The existing patchwork of state and local policies can be difficult to navigate, and they inherently restrict competitors from entering the market – indeed, fully regulated states prohibit competition. The rise of independent renewable energy suppliers and service companies made possible in states that have reorganized their electricity markets is a regulatory reform that should be applied nationally. A strong competitive market provides customers with far more options for products and services while naturally keeping pressure on prices to remain low.
Regulation is just half the battle, though. Changes to the business model of power suppliers are just as important. Incumbent utilities that are able to maintain their hold on generation and distribution have inherent economic power in the market to deter competition. Because regulated utilities set their prices based on what the government will allow and not on the actual price of production in real time, they have an incentive to game the system by influencing regulators – while ignoring ratepayers, who are captive in the monopoly system.
Market-based signals have proven to be the key to innovation and customer-centric focus in every other sector of the economy. Regulators should embrace competitive reforms that lead to the unbundling or disaggregation of the utility sector that’s historically been vertically integrated.
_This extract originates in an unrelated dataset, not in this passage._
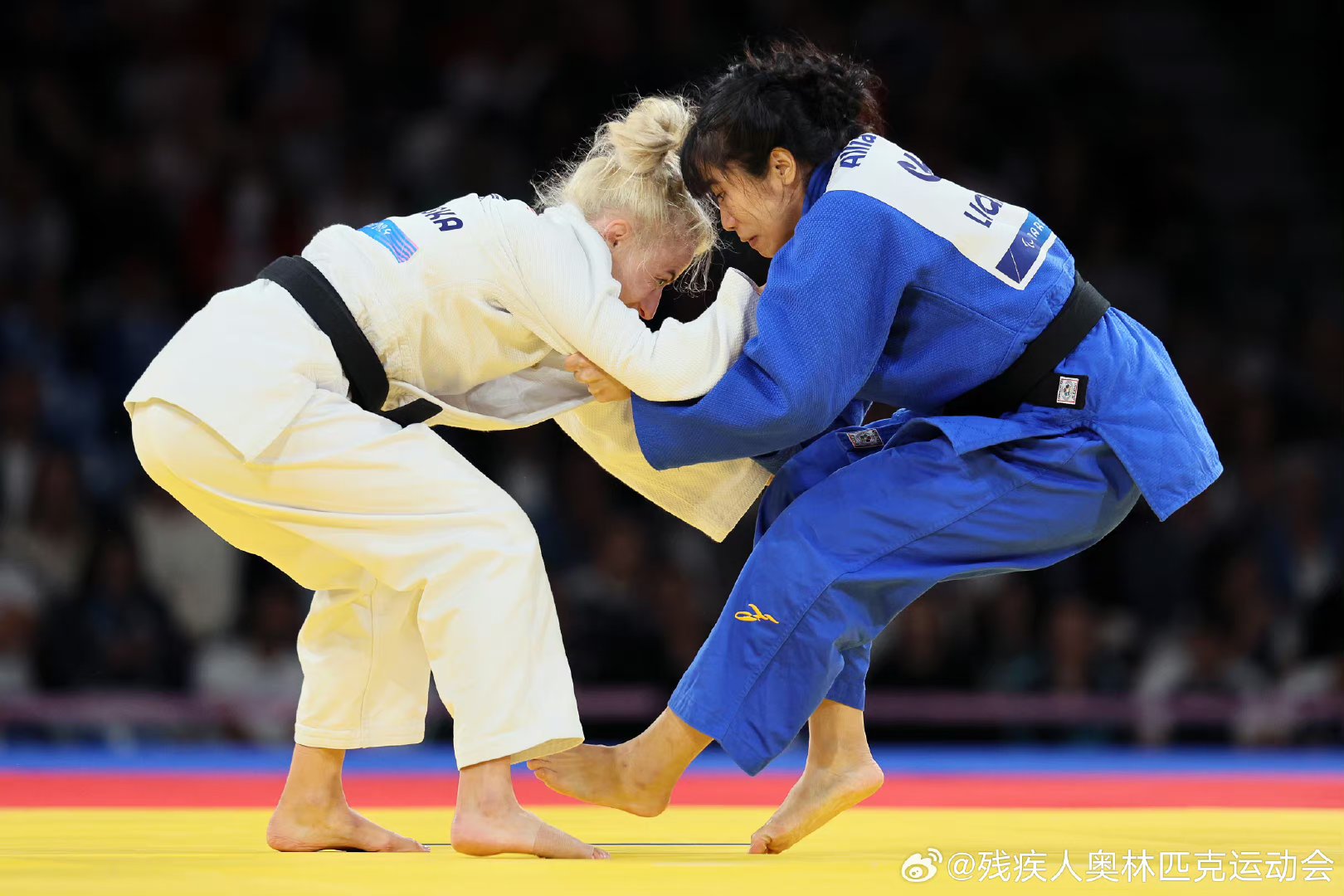 法属波利尼西亚选手在柔道比赛中取得佳绩的简单介绍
As that unraveling happens, it will open the door to more competition and opportunities that will ultimately benefit the consumer and all of society.
No matter the sector, market participants in competitive markets are more responsive to their customers, provide better services and optimized products, and are directly incentivized to listen to their customers. Without competitive markets, incumbent utilities will continue to drag their feet on providing innovative and cleaner solutions to the nation’s power needs.
Conclusion
For consumers and regulators alike, the goals of the energy transition are well aligned, and they encompass the principles of energy that is reliable, affordable and clean.
Incumbent utilities may agree with the pursuit of those principles theoretically, but they are simultaneously prioritizing shareholder profits by doing whatever they can to keep out competitors. Requiring vertically integrated monopolies to stick to managing the poles and wires of distribution and leave generation and other services to the private sector is the most effective strategy to achieving the energy transition in a way that most benefits consumers.
Harnessing the power of the markets is crucial to meeting growing energy demand while reducing pollution and carbon intensity in the most efficient manner possible.